The strategists of this immoderately self-confident administration formulated these principles in the "Bush doctrine" and claimed, for themselves and their actions, the right to "preemptive" military intervention -- with little concern for the rules of alliances or international organizations.

The superpower even claimed privileges over its allies, even offending some of its best friends during Bush's first term. Bush withdrew the American signature from a treaty to establish the International Criminal Court, he refused to ratify the Kyoto Protocol to combat climate change and he withdrew from an agreement with the Russians to limit the number of missile defense systems.

Washington sought to divide the world into good and evil -- and did so as it saw fit.

Now, in the wake of the crash on Wall Street, the debate in the UN reveals that the long-humiliated have lost their fear of the giant in world politics. Even a political dwarf like Bolivian President Evo Morales is now talking big. "There is an uprising against an economic model, a capitalistic system that is the worst enemy of humanity," Morales told the UN General Assembly.

The financial crisis has uncovered the world power's true weakness. The more the highly indebted United States has to spend to stabilize its own economic system, the more trouble it has performing its self-imposed duties as the world's policeman.
The new US president will only have been in office for a short time when a document titled "Global Trends 2025" appears on his desk. The report is being prepared by analysts at the National Intelligence Council. Its chairman, Thomas Fingar, has already released a preview, and reading it will not exactly be enjoyable for proud American. "Although the United States will remain the most important power, American dominance will be sharply reduced," says Fingar.

According to the preview of the report, the erosion of American supremacy will "accelerate in the areas of politics and economics, and possibly culture."

The century that just began is unlikely to be declared the American century again. Instead, "Asia will shape the fate of the world, with or without the United States," says Parag Khanna, a young Indian-American political scientist whose book "The Second World: Empires and Influence in the New Global Order" has attracted a great deal of attention in the United States.

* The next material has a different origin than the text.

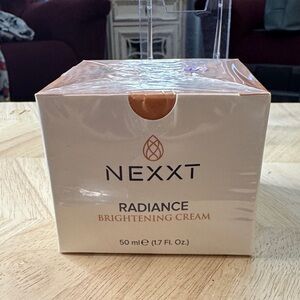 NEXXT Radiance Brightening Cream - Cream and Brown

There is much to be said for Khanna's assertion. Beijing is already funding a large share of the gigantic American trade deficit, while at the same time selling many consumer goods to the United States. In other words, it benefits from the US's weakness in two ways. And politically speaking, the newly self-confident Chinese will no longer allow themselves to be domineered by the West. Reacting to worldwide criticism of political oppression in Tibet, the Chinese encouraged their nationalist youth to assault Western institutions and refused to allow themselves to be lectured on human rights.

Republican Senator Chuck Hagel has acknowledged that the "world's largest debtor nation" cannot simultaneously shape the course of the world. The challenges America faces have multiplied, especially in recent times.

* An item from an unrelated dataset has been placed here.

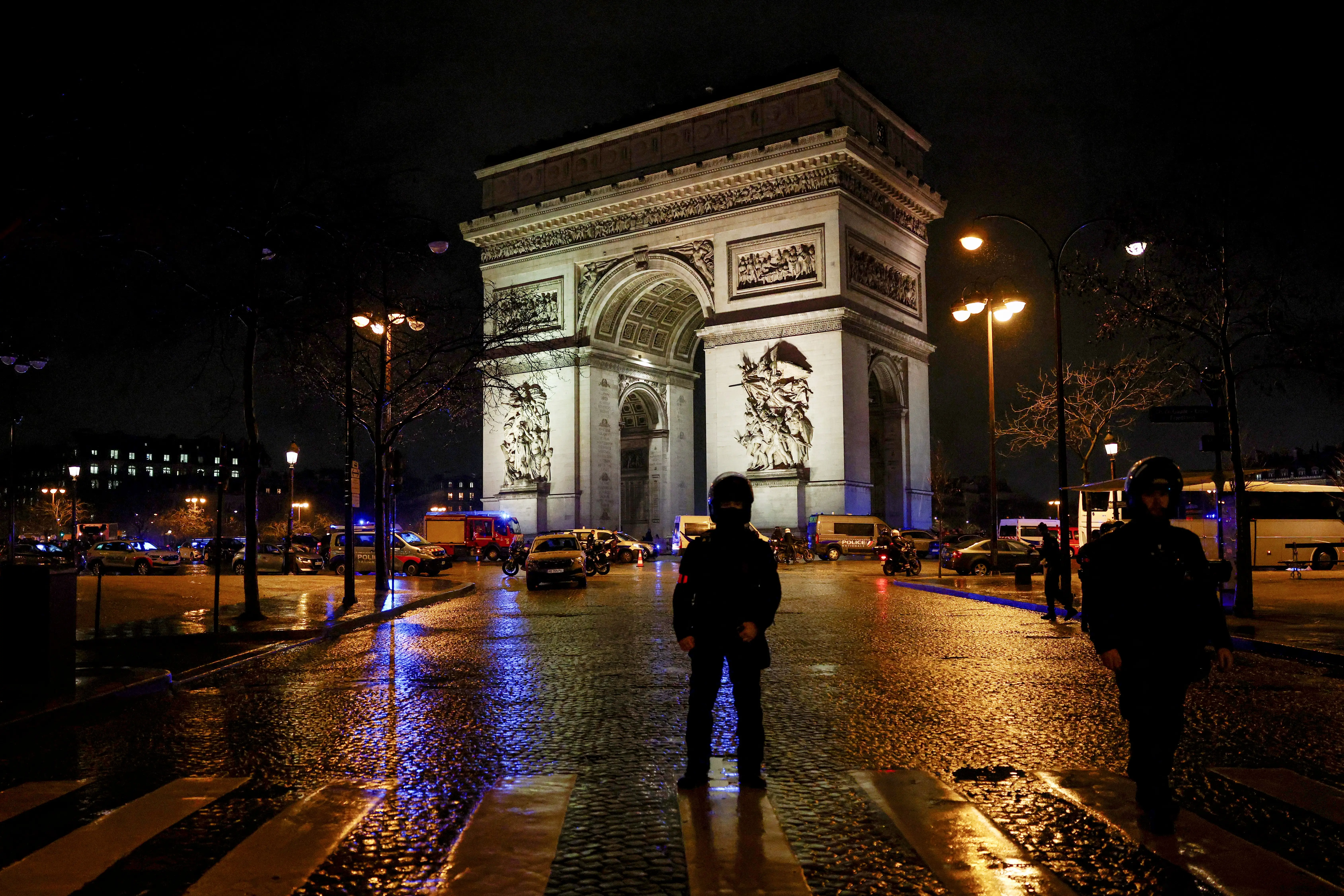 Paris knife attack: French police fatally shoot alleged terrorist at Arc de Triomphe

WELL, HOW DO YOU like that, America? You really must read the whole thing -- particularly since it's all true.

And particularly since it's all our own damned fault.

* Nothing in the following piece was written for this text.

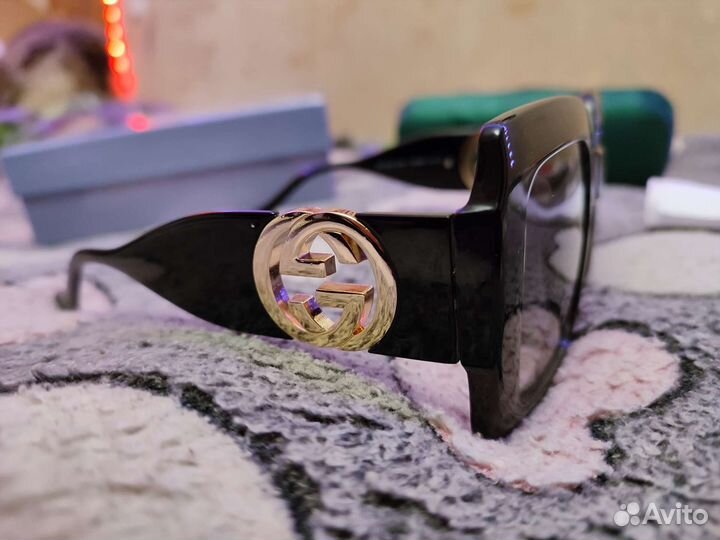 Солнечные очки gucci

Sometime during the last few decades, we Americans ceased to be a serious people. The past eight years, particularly, have exposed a country unserious about public and private morality, unserious about effective self-governance and seriously incapable of cultural . . . seriousness.

But we did get the world to buy into a serious Ponzi scheme. We should be so proud.

We've made a grand hash of things, and now we stand ready to elect as our leaders either an unstable McCrank and his comely-but-ditzy sidekick or the Dalai Obama and his gaffe-prone lesser incarnation.

ONCE, the United States was a country of great products and audacious feats. That time is past.

It's now last call for the American Century as a nation slips off the barstool -- a little hazy, a little discomfitedly buzzed -- and prepares to slouch off gentle into that good night.